Task to complete - Let the answer be the lines from the one with "family buying a christmas tree" to the end of the entries, copied exactly with both boundary lines kept.

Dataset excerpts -
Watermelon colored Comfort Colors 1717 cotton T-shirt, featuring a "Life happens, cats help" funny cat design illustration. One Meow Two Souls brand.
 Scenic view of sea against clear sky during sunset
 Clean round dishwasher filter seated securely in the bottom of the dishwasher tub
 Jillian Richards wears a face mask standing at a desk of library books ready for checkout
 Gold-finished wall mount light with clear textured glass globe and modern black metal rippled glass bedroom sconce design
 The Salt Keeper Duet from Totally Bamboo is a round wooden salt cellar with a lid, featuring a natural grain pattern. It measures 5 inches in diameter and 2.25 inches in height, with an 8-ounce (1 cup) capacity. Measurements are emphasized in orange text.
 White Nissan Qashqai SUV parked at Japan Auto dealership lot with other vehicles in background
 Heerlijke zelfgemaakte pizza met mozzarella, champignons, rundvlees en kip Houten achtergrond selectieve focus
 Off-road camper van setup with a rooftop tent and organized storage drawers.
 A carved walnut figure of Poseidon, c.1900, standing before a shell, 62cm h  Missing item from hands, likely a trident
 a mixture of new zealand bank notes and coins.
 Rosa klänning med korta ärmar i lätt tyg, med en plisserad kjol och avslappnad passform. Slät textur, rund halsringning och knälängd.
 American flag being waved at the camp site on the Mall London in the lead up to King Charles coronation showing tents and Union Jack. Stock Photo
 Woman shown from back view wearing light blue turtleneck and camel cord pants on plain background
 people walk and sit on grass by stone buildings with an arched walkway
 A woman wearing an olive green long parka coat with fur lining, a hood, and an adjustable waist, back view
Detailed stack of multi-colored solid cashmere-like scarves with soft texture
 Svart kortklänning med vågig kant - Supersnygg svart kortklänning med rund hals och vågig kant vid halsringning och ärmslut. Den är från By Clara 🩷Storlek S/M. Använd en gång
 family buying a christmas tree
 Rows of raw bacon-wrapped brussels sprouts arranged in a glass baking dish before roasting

Answer box -
 family buying a christmas tree
 Rows of raw bacon-wrapped brussels sprouts arranged in a glass baking dish before roasting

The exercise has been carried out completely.